Some more background on what this is and why I built it here: https://eliot-jones.com/2020/1/hackernews-trends And the source code here: https://github.com/EliotJones/HnTrends

As I mention in the blog post this is hosted on the lowest tier DO droplet so will probably fall over soon.


FWIW your cache appears to be case sensitive but searches aren't.


Good spot, I'll fix it.


This is super cool and potentially really useful (and thanks for building it!)

One q - I can't seem to click through to a specific date? Is this me missing something or you not making it available? Would seem the next obvious interaction?


Thanks, yeah this functionality doesn't exist at the moment (aggregation happens server side so the actual stories aren't available client side). You can however get the full data for a trend from the API endpoint (the front end doesn't use this endpoint but I added it since it's useful to check the actual data). Just replace 'rust' at the end with your search term: http://eliot-jones.com:5690/api/results/rust


Have you considered deploying to Google Cloud Run or something like that which charge you per-request rather than instance-hours?


That's a good idea. It's currently on the box I run my blog off so shouldn't be costing my anything at all (given I am paying for the blog hosting anyway) but it would be interesting to try.

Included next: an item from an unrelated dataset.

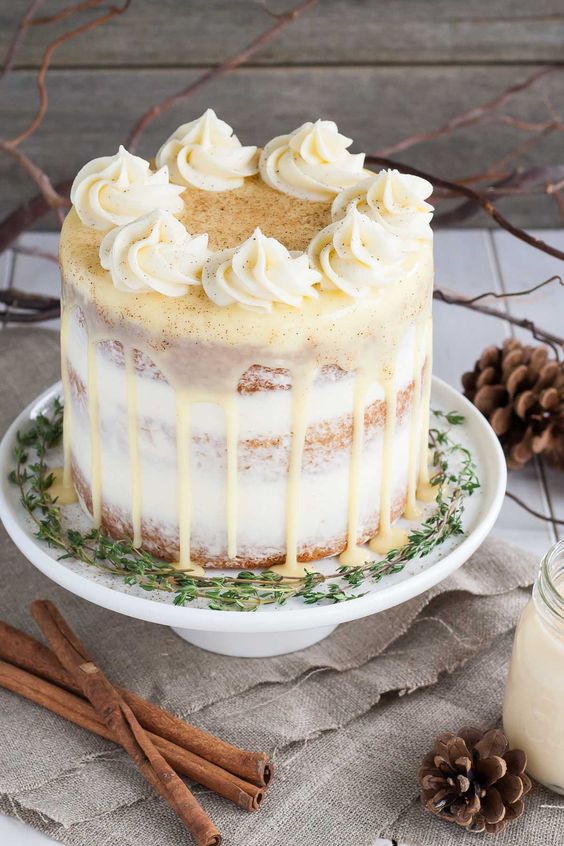 rum spiked eggnog cake with cream cheese frosting and white chocolate ganache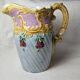 Art nouveau floral decorated barbotine pitcher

From a purely dataviz standpoint, this is a fail. The optimal visualization would allow for all 3 terms to be shown on the same graph, or at least the same page. 3 distinct graphs could be a decent comparison, if the y-axis remained constant. But since it doesn't, every graph peaks at the same approximate height, so really the only thing an end-user, seeking a comparison of similar concepts/terms, would likely find useful is the max displayed value on the y-axis.

I recognize this is little more than a proof-of-concept at this point, so perhaps "fail" is a strong word, but hey, it's what the author chose to submit.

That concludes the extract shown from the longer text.